If you intend to take the 'eastern route' to enter Spain through Catalunya, don't forget that the magnificent A75 motorway gives you 300 km between Clermont Ferrand and Beziers almost free of toll charges. The only charge is approx 6 euro to cross the viaduc de Millau (and well worth it!)


----------



## xxxxxxxxxxxxxdeanhankin

Xose said:


> Dean,
> Bear in mind that a car that's running beautifully back home will be tested to its full capacity in the French motorways at 70 and before you know it 90 being overtaken by renault 5's hardly touching the tarmac. If there's anything about to go, it WILL go somewhere on the catalan motorway (Paris-Barcelona). Within seconds of breaking down, a funny little man in a bright coloured van will turn up, put cones around your car and insist that a local tow truck takes you off the motorway to avoid a mass pileup - and charge you a shedload of wedge for the privilage. Not a lot you can do about it either as the Gendarmerie are on their side big time. Worth bearing in mind that most of these Autoroutes are two lane daytona 500 tracks in disguise, and they are not far from the real one in speeds and driving practices either.
> 
> I had the misfortune of having a spark plug work loose once. Smoke everywhere and I thought the engine had just seized up. The van turned up in a nano second. I told the guy to take a chill pill because he really was over anctious to get me off the motorway. Just as he had finished sticking cones around the car area, the smoke died down and I noticed the high tension lead with the plug off the engine block. I remembered imediately that I had fitted the new plugs without retightening after the engine had warmed up (plank!!!) so back it went and the car was fine - few!!! but the little van man was doing his pieces for the whole two minutes it took me to do that.
> 
> Moral of the story. When you say "get myself something reliable", check the oil pressure, water pump, pullies etc really well and any signs of white gunk in the oil cap and the like, run like mad even if the car is a "sweet little runner".
> 
> Good luck and most of all, stop and take lots of breaks.
> 
> Xose


Thanks for the advice xose, 

I didnt know the french roads were so bad but I have spent time in paris so suppose I should of expected the worst.

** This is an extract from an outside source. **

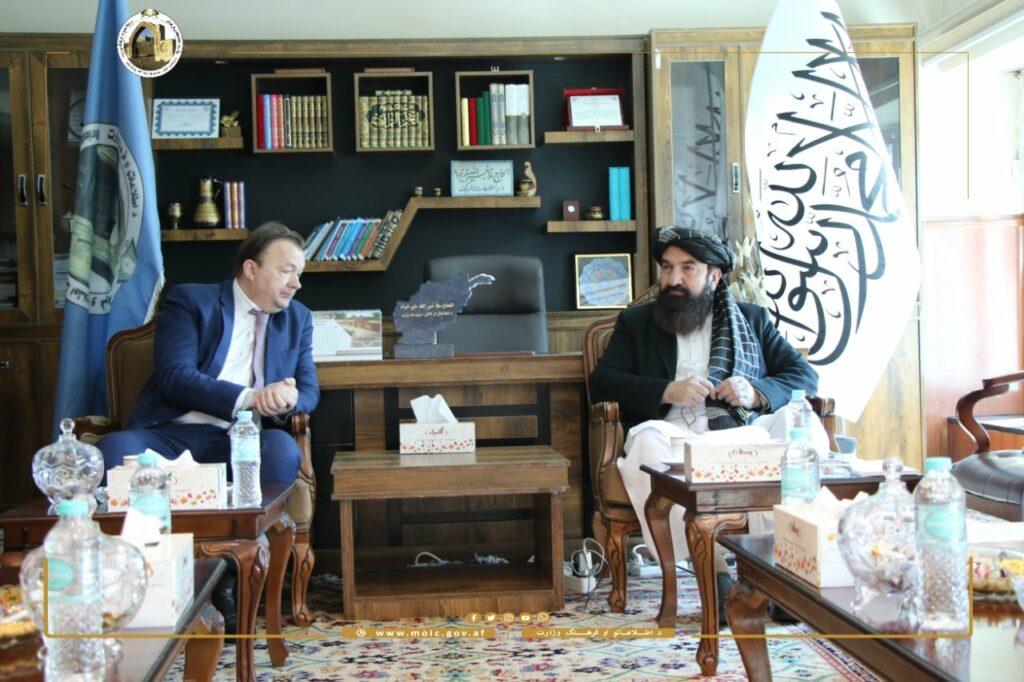 خیرخواه: حل تمام چالش‌ها به تفاهم و گفتگو ممکن می‌باشد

Im pretty well clued up on the inner workings of the motor vehicle but you just never know when a part will fail, only yesterday the alternator belt went on my van but luckily I had a pair of tights in the back (i trade wholesale clothing) and was able to sort out a temporary repair.

Im glad to hear that you sorted out your spark plug problem before they towed the vehicle as it sounds like an expensive job.

Im just realy undecided on the best way forward, the place im going to be staying is up in the hills and I could really do with transport to go and look at the surrounding area and just for day to day convenience.

When I stayed there previously for a year I had a mountain bike and had a really good time exploring on that but this time there will be no bike and my bro will be joining me. 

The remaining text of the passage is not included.